Activity:
Transcribe the lines below exactly. No image belongs in the transcription.

Raw data:
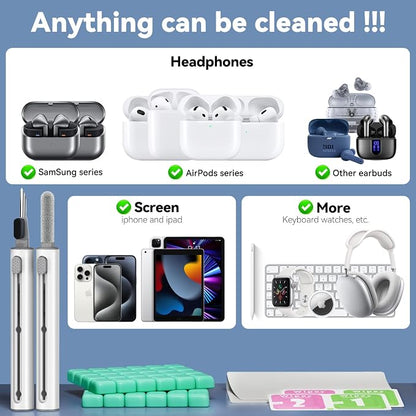 for Airpods Cleaner Kit,Bluetooth Earbuds 3 in 1 Multi-Function Cleaning Pen and Cleaning Putty,for Airpods Pro Phone Charging Port,Earbuds,Headphone, iPod,Case,iPhone,ipad,Laptop
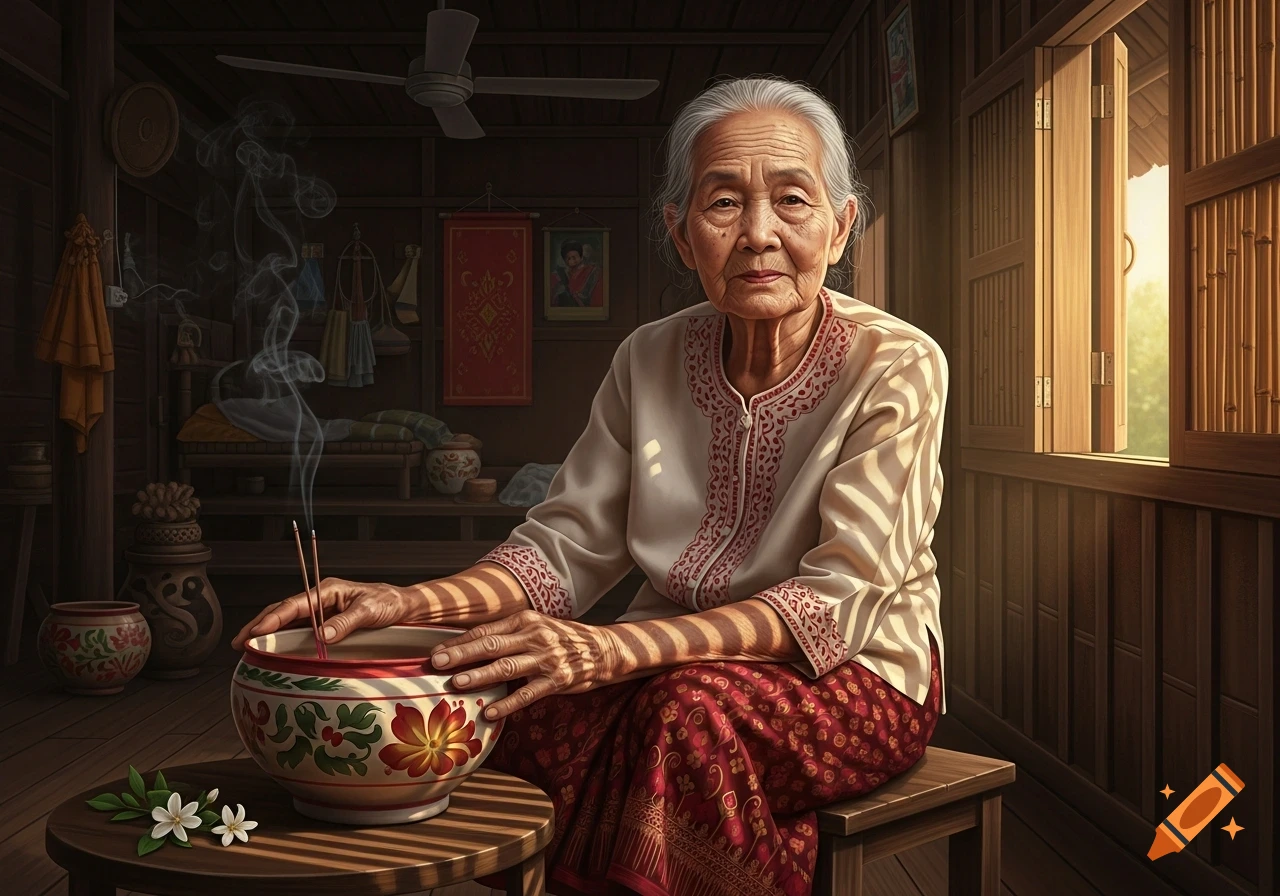 An elderly Thai woman with white hair sits in a wooden room, holding incense sticks over a decorative floral bowl. Sunlight streams in from a window.
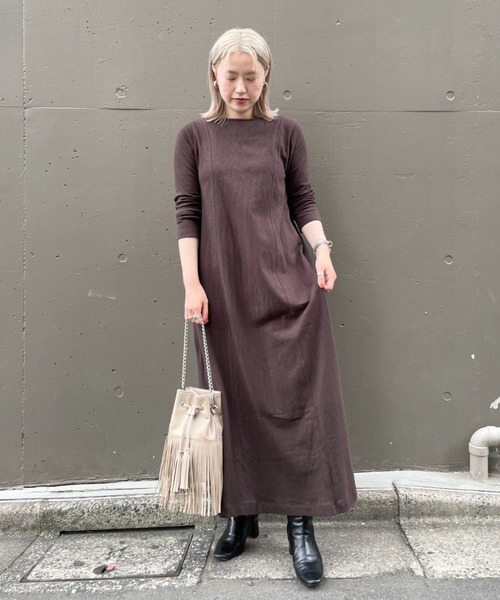 CIAOPANIC（チャオパニック）の「スラブ天竺ロングワンピース（ワンピース・レディース・グリーン/ブラウン/グレー・FREE）」の6枚目の写真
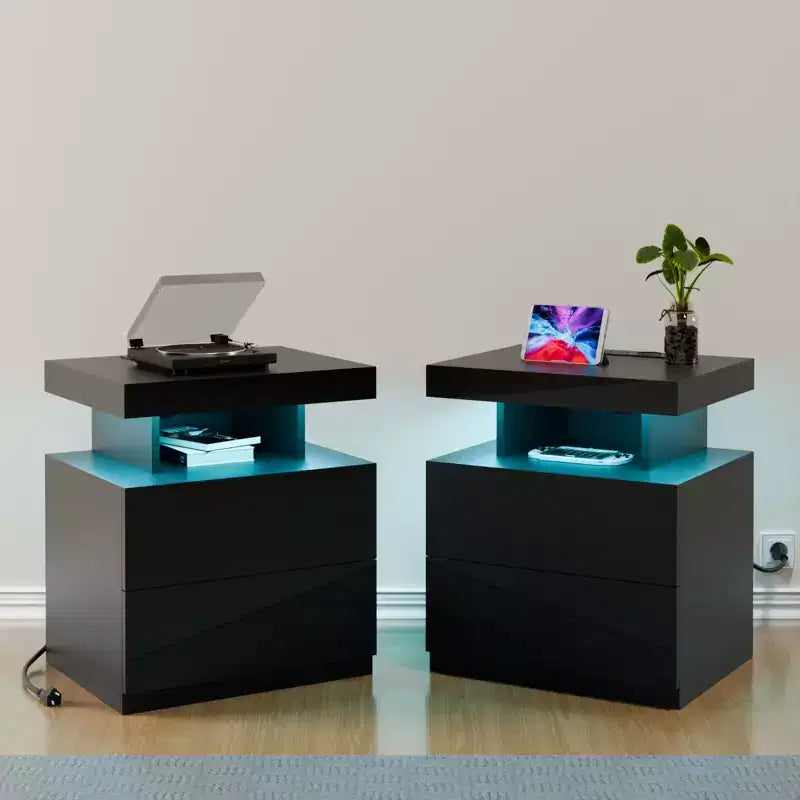 Hommpa Modern LED Nightstand with Wireless Charging Station & 2 Drawers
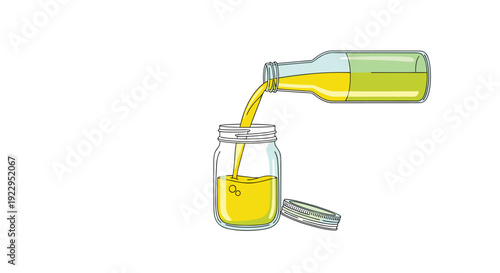 Yellow-green liquid being poured from a clear glass bottle into an open glass jar with a lid next to it, on a white background.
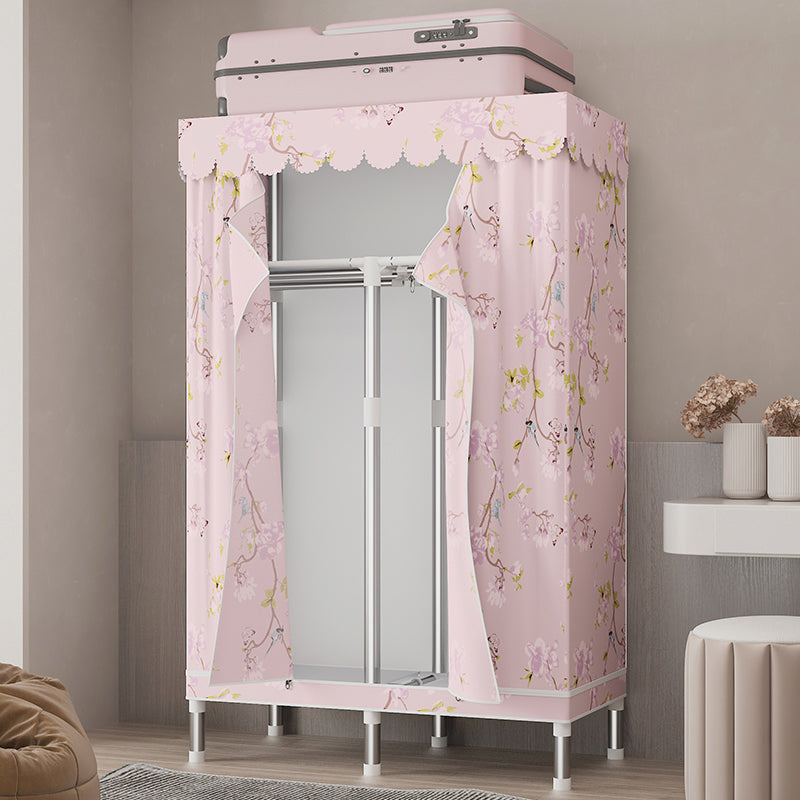 Silver Steel Frame Wardrobe Cabinet Contemporary Home Wardrobe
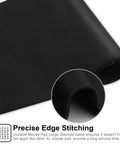 Close-up of Gamer-Grade Extended Mouse Pad With Stitched Edges And Non-Slip Natural Rubber Base. Focus on precise edge stitching.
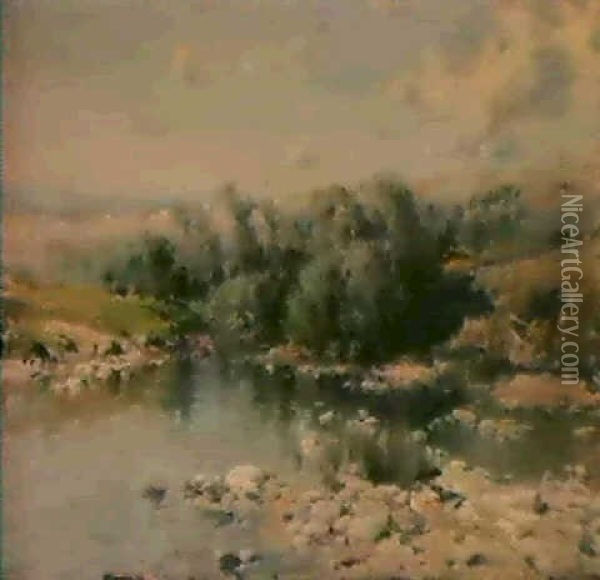 A River Landscape Oil Painting - Eliseo Meifren y Roig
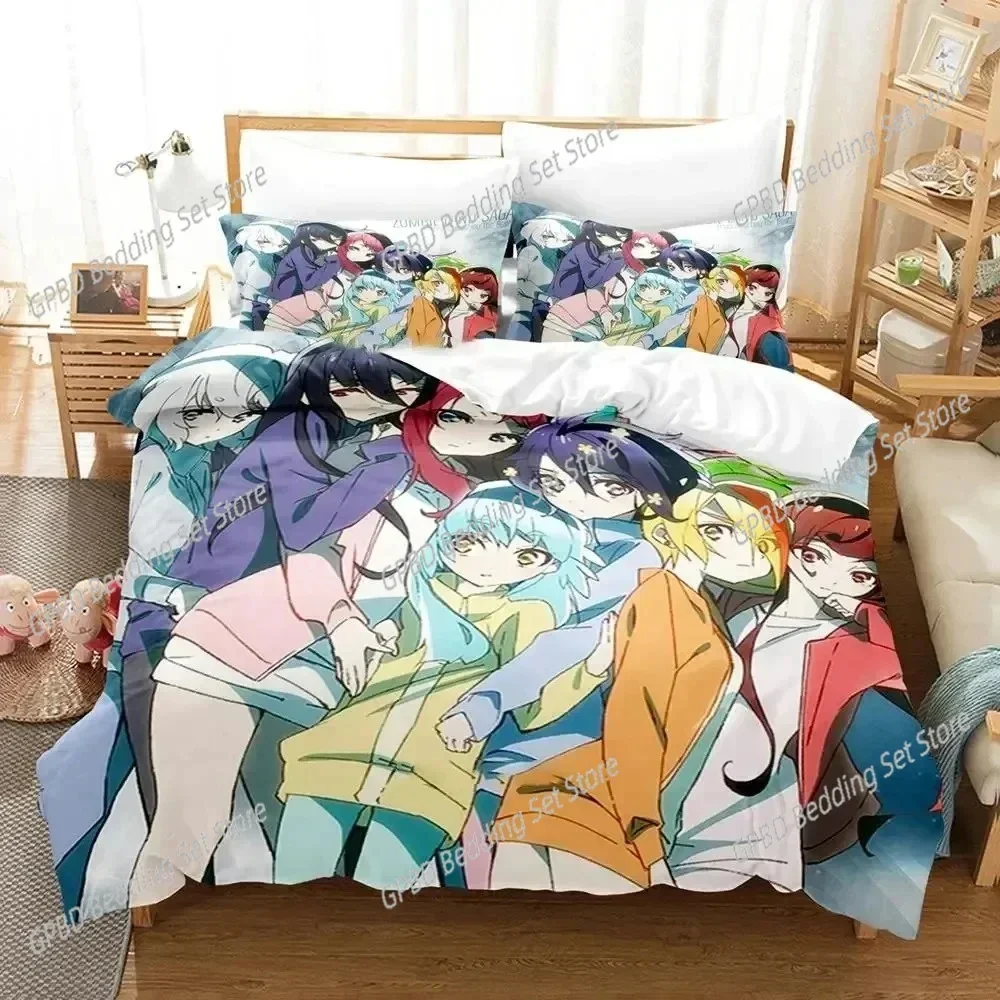 Anime Zombie Land Saga Comfortable Duvet Quilt Cover Pillowcase Bedding Set Children Bedroom Decoration Home Textile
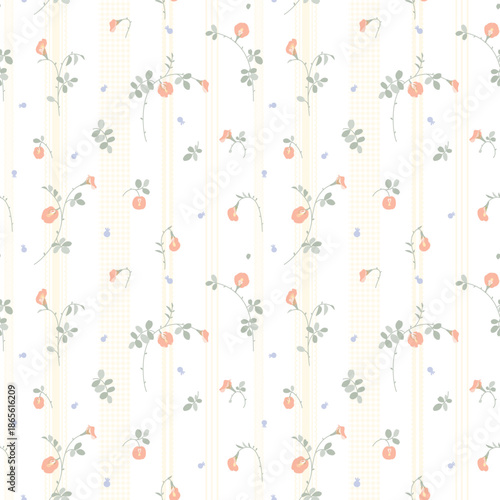 floral pattern in small design. Small cute flowers on yellow stripe background. Ditsy floral seamless pattern. Pretty small print. butterfly pea flower, surface design for fashion, wallpaper, textile,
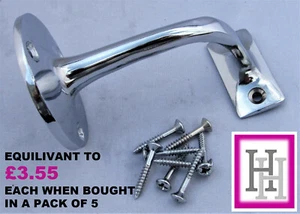 2-5 Chrome Handrail Bannister Support Stair Rail Bracket Fixing Wall Mounted D1 - Picture 1 of 10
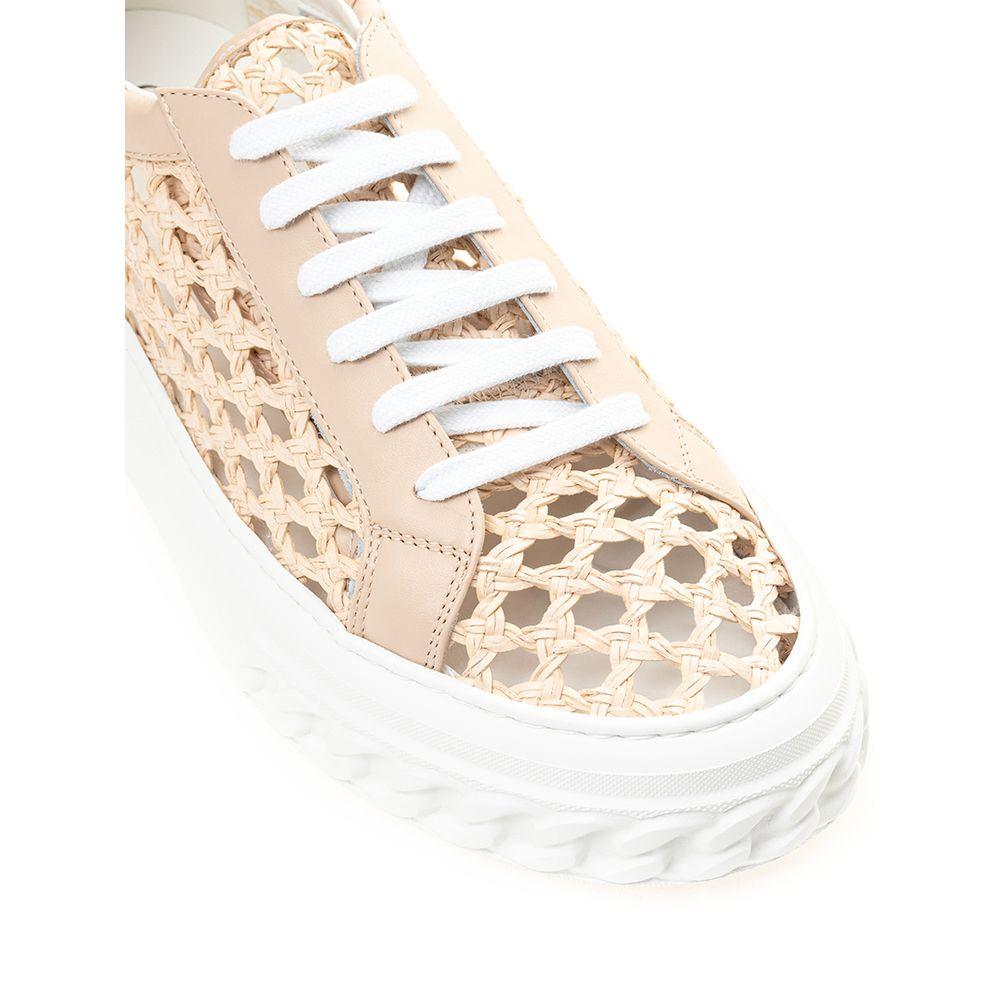 Casadei Chic Beige Leather Sneakers - Arichezz.store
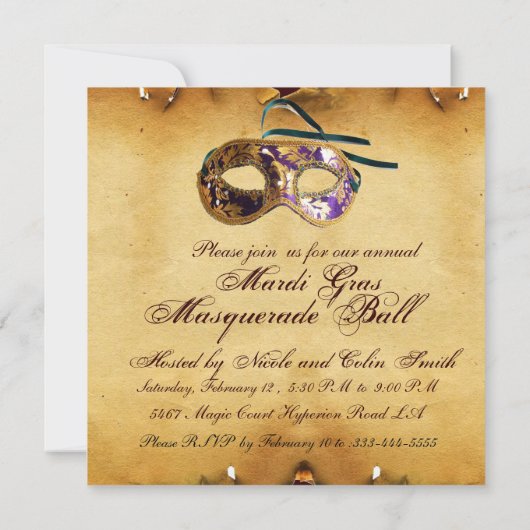 MARDI GRAS MASQUERADE MASKS Classy Parchment Kaart (Achterkant)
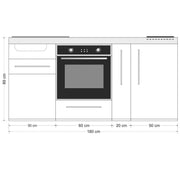 Stengel - Mini-Küche Miniküche Premiumline MPB180ABOGKFreBliS weiß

Solved exercise:
 for Airpods Cleaner Kit,Bluetooth Earbuds 3 in 1 Multi-Function Cleaning Pen and Cleaning Putty,for Airpods Pro Phone Charging Port,Earbuds,Headphone, iPod,Case,iPhone,ipad,Laptop
 An elderly Thai woman with white hair sits in a wooden room, holding incense sticks over a decorative floral bowl. Sunlight streams in from a window.
 CIAOPANIC（チャオパニック）の「スラブ天竺ロングワンピース（ワンピース・レディース・グリーン/ブラウン/グレー・FREE）」の6枚目の写真
 Hommpa Modern LED Nightstand with Wireless Charging Station & 2 Drawers
 Yellow-green liquid being poured from a clear glass bottle into an open glass jar with a lid next to it, on a white background.
 Silver Steel Frame Wardrobe Cabinet Contemporary Home Wardrobe
 Close-up of Gamer-Grade Extended Mouse Pad With Stitched Edges And Non-Slip Natural Rubber Base. Focus on precise edge stitching.
 A River Landscape Oil Painting - Eliseo Meifren y Roig
 Anime Zombie Land Saga Comfortable Duvet Quilt Cover Pillowcase Bedding Set Children Bedroom Decoration Home Textile
 floral pattern in small design. Small cute flowers on yellow stripe background. Ditsy floral seamless pattern. Pretty small print. butterfly pea flower, surface design for fashion, wallpaper, textile,
 2-5 Chrome Handrail Bannister Support Stair Rail Bracket Fixing Wall Mounted D1 - Picture 1 of 10
 Casadei Chic Beige Leather Sneakers - Arichezz.store
 MARDI GRAS MASQUERADE MASKS Classy Parchment Kaart (Achterkant)
 Stengel - Mini-Küche Miniküche Premiumline MPB180ABOGKFreBliS weiß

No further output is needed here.